Rich Silverstein. Photo courtesy of Golden Gate National Parks.
What He Gave
"Got parks?" might have been foremost in
Rich Silverstein's mind when his
advertising agency, Goodby, Silverstein &
Partners, adopted the Golden Gate
National Parks as a pro bono client. The
San Francisco agency that Silverstein cofounded
lists Hewlett-Packard, Sprint,
Comcast, and the NBA among its clients.
But it is the "Got milk?" campaign for
which the firm is perhaps best known.
Silverstein joined the Board of Trustees of
the Golden Gate National Parks
Conservancy in 1988 and volunteered his
expertise to create a brand worthy of the
park's growing stature.
Prior to Silverstein's involvement, the
park's nearly 80,000 acres lacked a strong
identity and had no unifying symbol or
brand.
"When people think of a national park,
they think of the crown jewels like Yosemite or Grand Canyon," says Silverstein. "The
Golden Gate National Parks are more like a string of pearls. They needed to be connected
in people's minds."
"The site awareness for Alcatraz and Muir Woods was strong, but the collective park
identity was weak. So we spent a lot of time trying to make that collective identity
known by dealing with Golden Gate National Parks as one overall park," said Greg
Moore, Executive Director of the Golden Gate National Parks Conservancy. "Rich
Silverstein was fundamental in turning our thinking around. As he looked at the problem,
he came to the conclusion that if the strength is from the different park sites, then you
have to build the identity from the sites up, not from a false overlay down."

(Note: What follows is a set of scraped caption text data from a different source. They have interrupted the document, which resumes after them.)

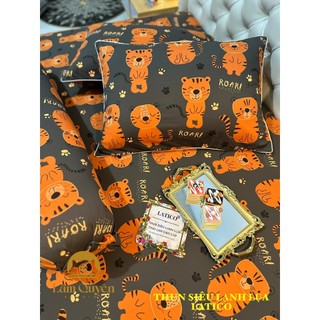 BỘ DRAP THUN SIÊU LẠNH LỤA LATICO THÁI LAN CAO CẤP MỚI (ÔM KHOÁ KÉO)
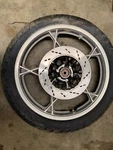 80,81 Suzuki GS-1100E, GS-750E Front Wheel, 54111-49350-291. Fixed Price $99.00.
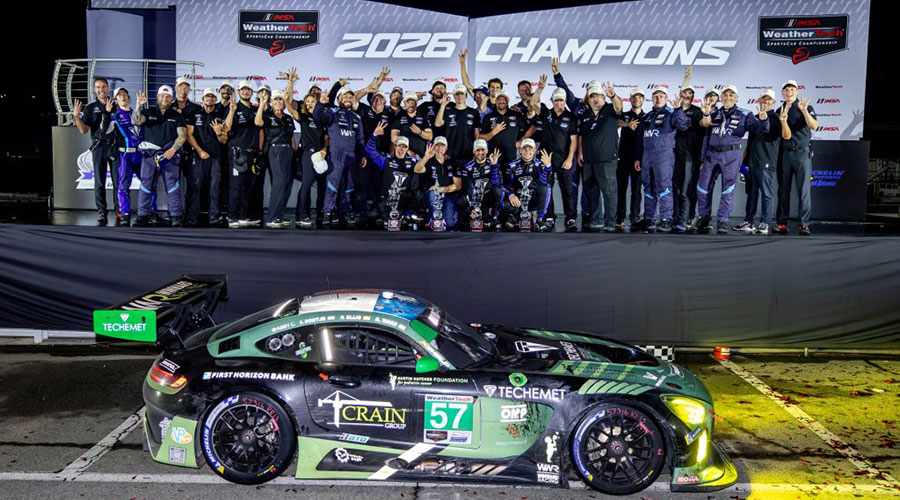 Image: Winward Racing, Mercedes-AMG Clinch Third Straight Title at Petit Le Mans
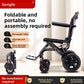 Wheelchair folding light portable travel ultra light simple small trolley disabled the elderly can fly air plane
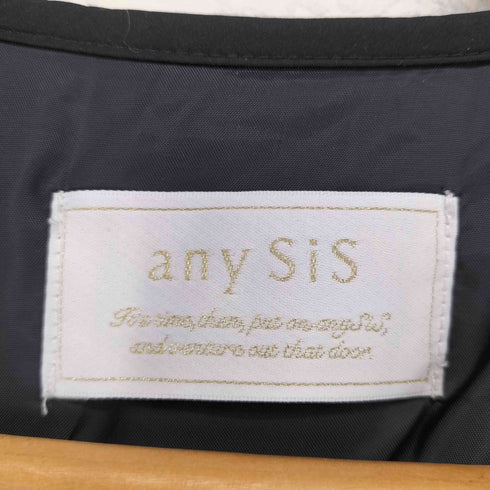 エニィスィス anySiS 24aw 撥水 キルティングジップ アウター レディース JPN:2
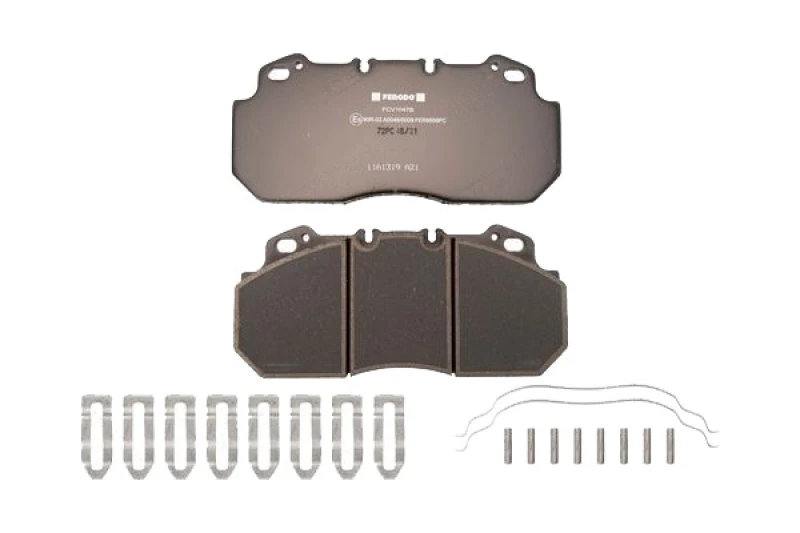 Image of FERODO FCV1047B Brake pad set prepared for wear warning indicator, with accessories Brake Pad Set,disc brake (402)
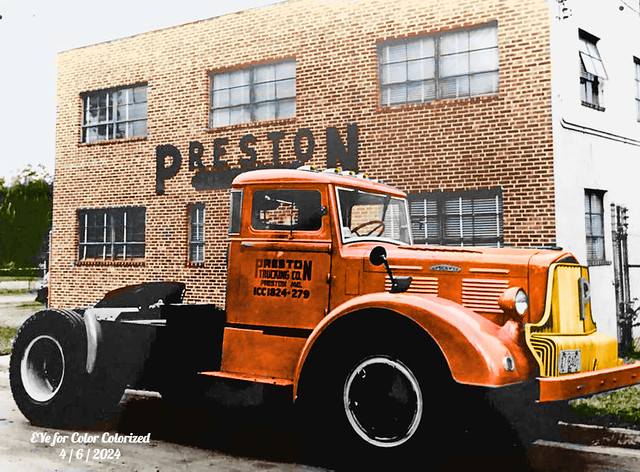Brockway Preston Trucking Colorized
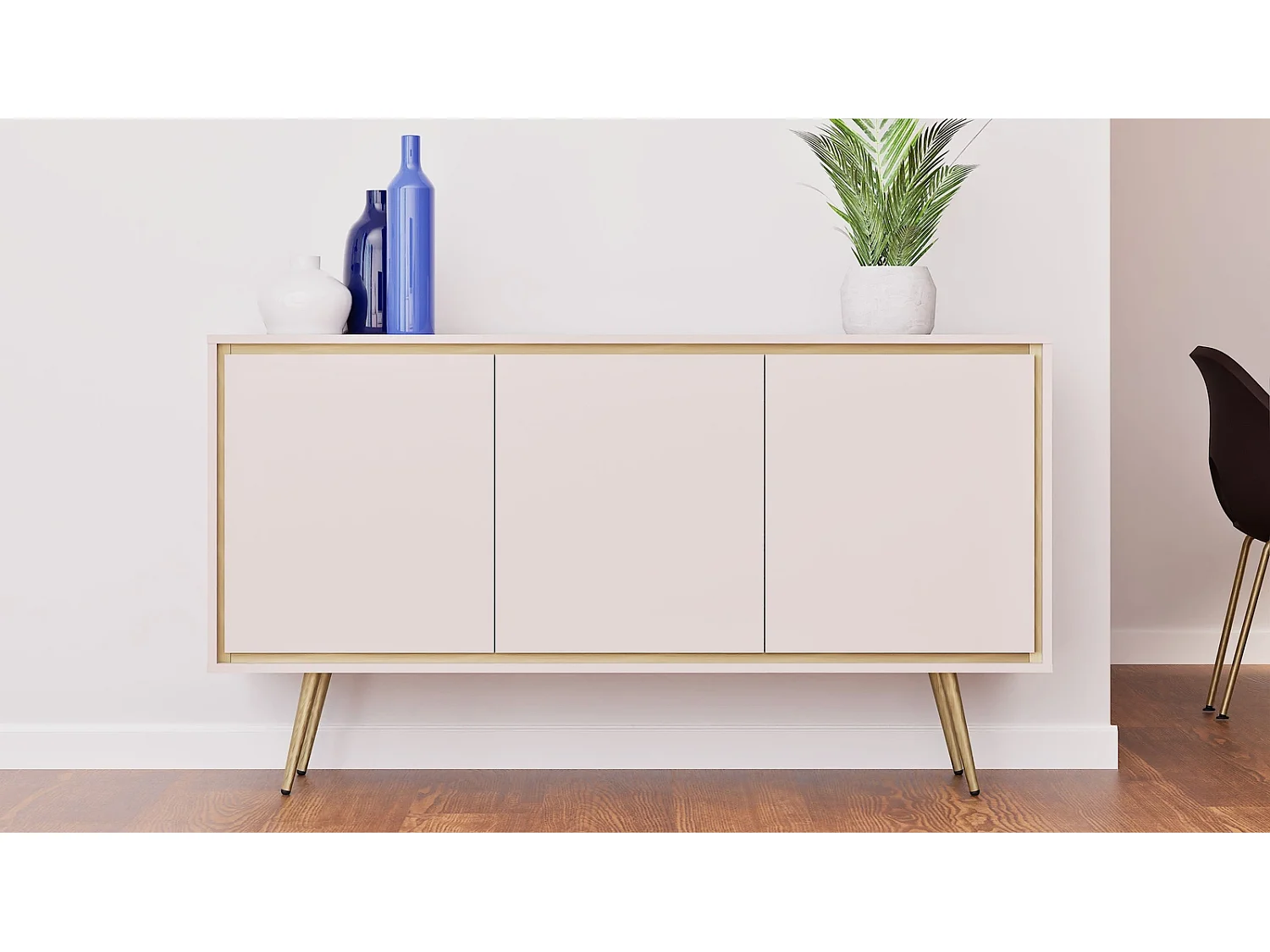 Buffet Tori 150 cm - Cachemire avec liseré doré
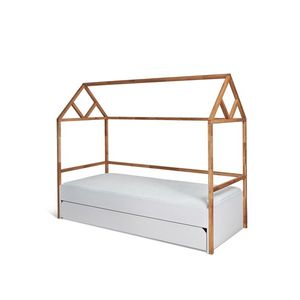 ArtBel Detská posteľ s prístelkou LOTTA domček | biela 90 x 200 cm vyobraziť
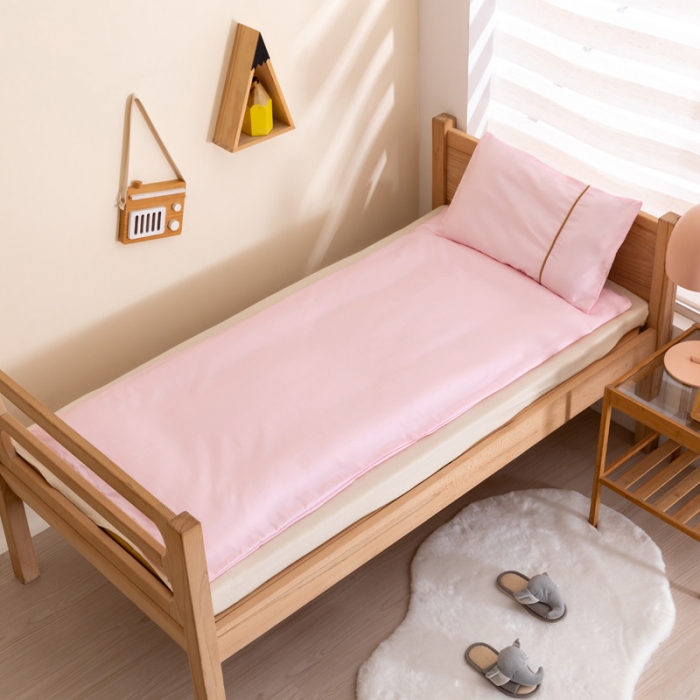 91家纺网 家纺一手货源 找家纺 (总)喜多兔 2022新60s长绒棉纯棉幼儿园三件套-小微笑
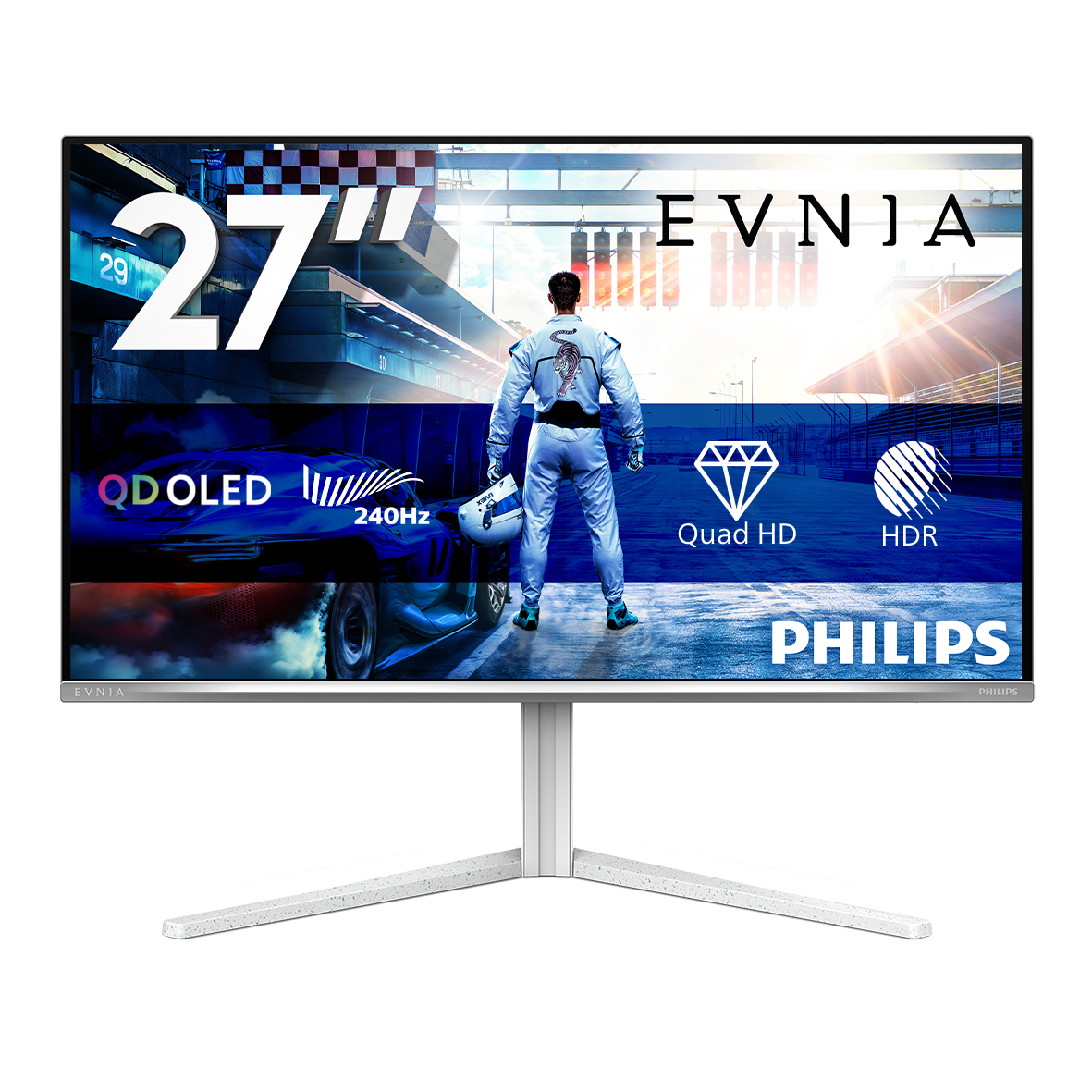 Philips 27M2N6501L Computer Monitors - 26.5 Inches - White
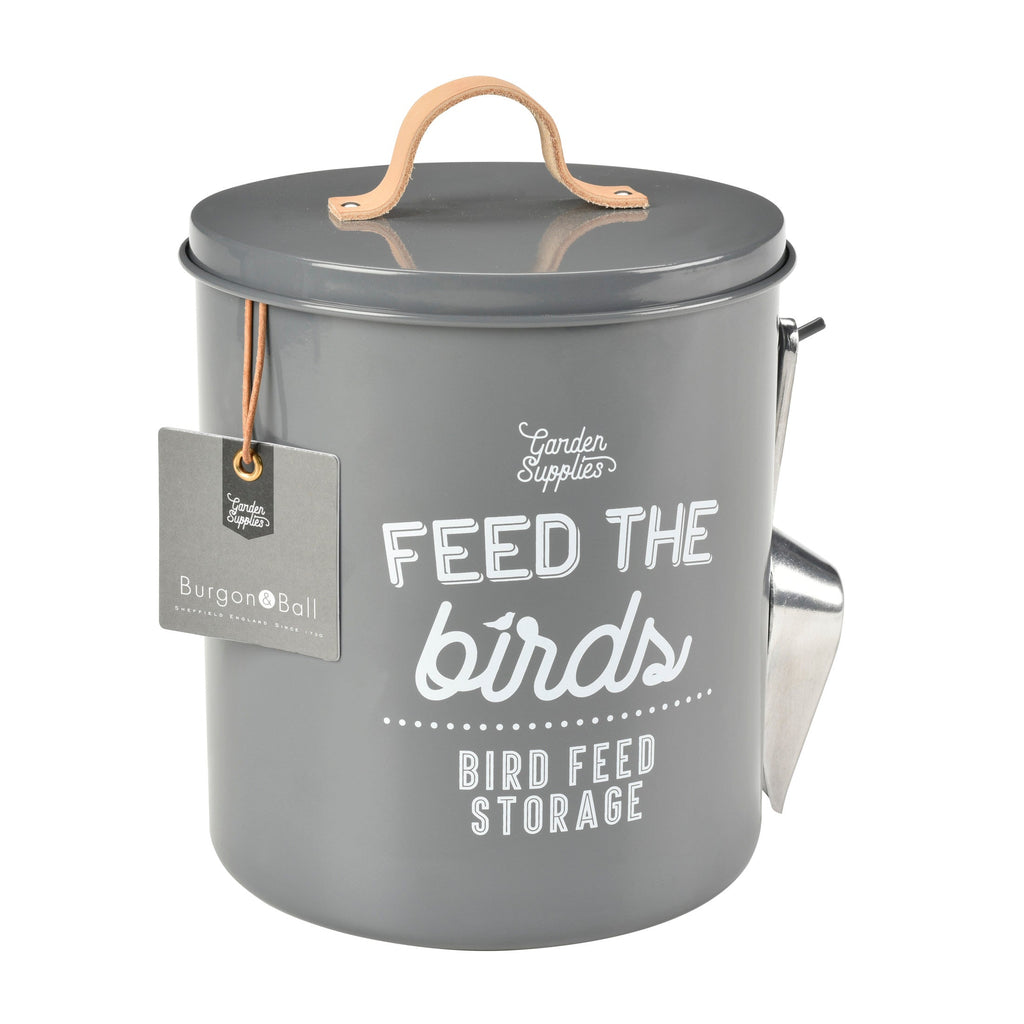 Burgon & Ball® Feed the Birds Tin, Charcoal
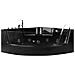 Vasca Idromassaggio Angolare Con Led Marina 190 X 135 Cm Nero - Foto miniatura 3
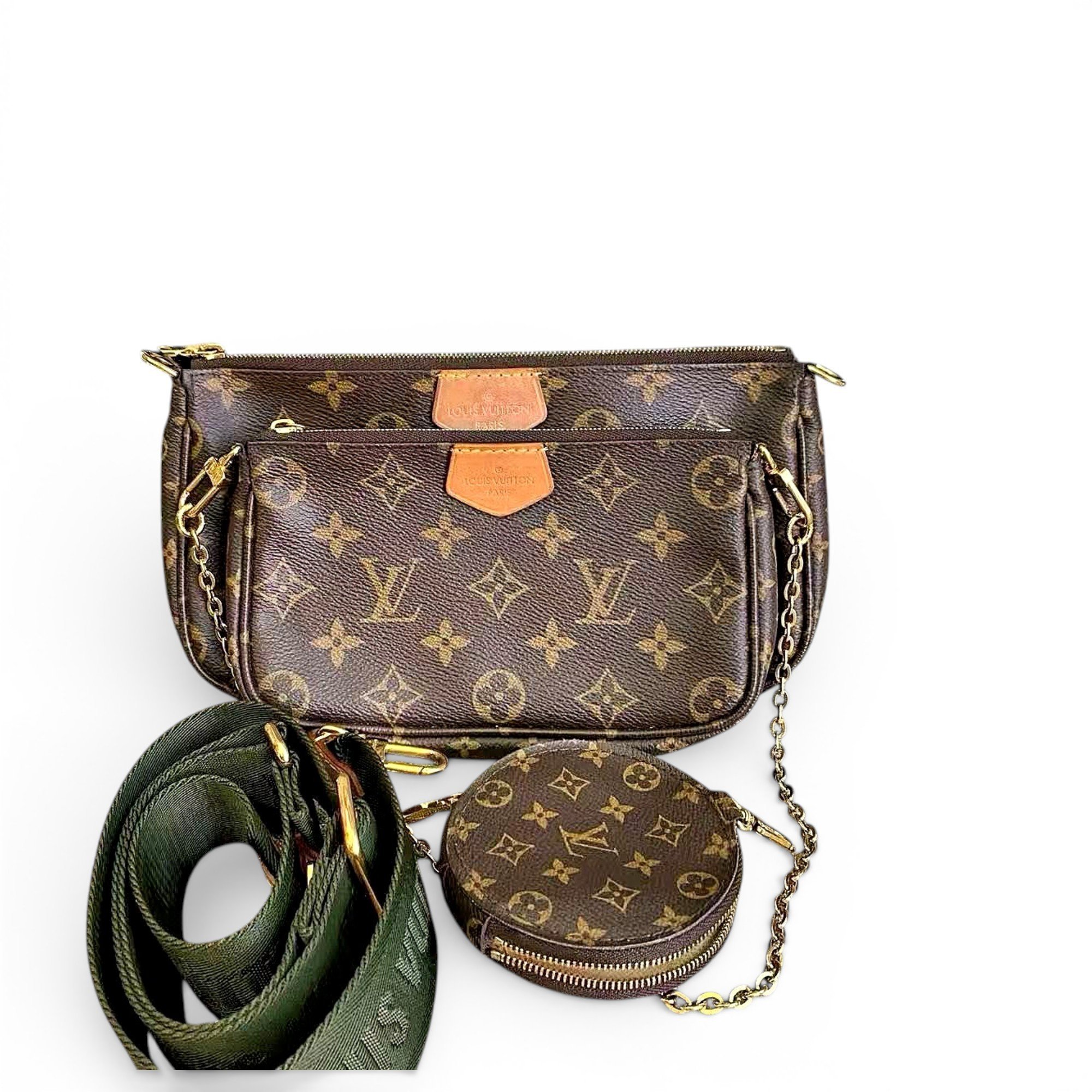 Multi Pochette Accessoires leather handbag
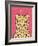 Jungle Cat Hot Pink-Moira Hershey-Framed Art Print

Silverstein made the case for rebranding the park using iconic designs for key visitor
destinations. He asked Bay Area illustrator Michael Schwab to get involved. Beginning
with the Golden Gate Bridge, Schwab created and donated twelve stylized symbols that
visually unified the various features of the park.
"What was needed was a great emotional idea," Silverstein says. "We wanted to tap into
the community's hopes for a park in the making."
With Silverstein's leadership, campaigns such as "Post to Park" built support for turning
over the Presidio from the U.S. Army to the National Park Service; "Help Grow Crissy
Field" helped raise millions to transform Crissy Field from an airstrip into a beloved
marsh, promenade, and education center; "Trails Forever," featuring a rabbit on the run,
became the unifying concept for expanding and improving trails parkwide.
Schwab's symbols appear on mugs, T-shirts, posters, books, and other merchandise sold
at park visitor centers and shops around the city, providing a steady stream of funding for
the park. The stronger identity has helped galvanize public and private support.
Silverstein acknowledges that branding the Golden Gate National Parks required pleasing
a lot of people, but that the effort has paid off. "It might be said that the whole is more
than the sum of its parks," he says.
Why He Gave
When the native New Yorker came to the Bay Area in 1981, he fell in love with the
place. "We get to live and play in a national park every day," Silverstein says. "Very few
people can say that. You might say I believe in the product."
"If you're doing it (volunteering) for a job or because you think you'd like to do just a
little pro bono project, it's not going to work," he says. "You have to love it. I ride my
bicycle through the park everyday. This is my way of giving something back and
contributing to the legacy of saving and making the parks better."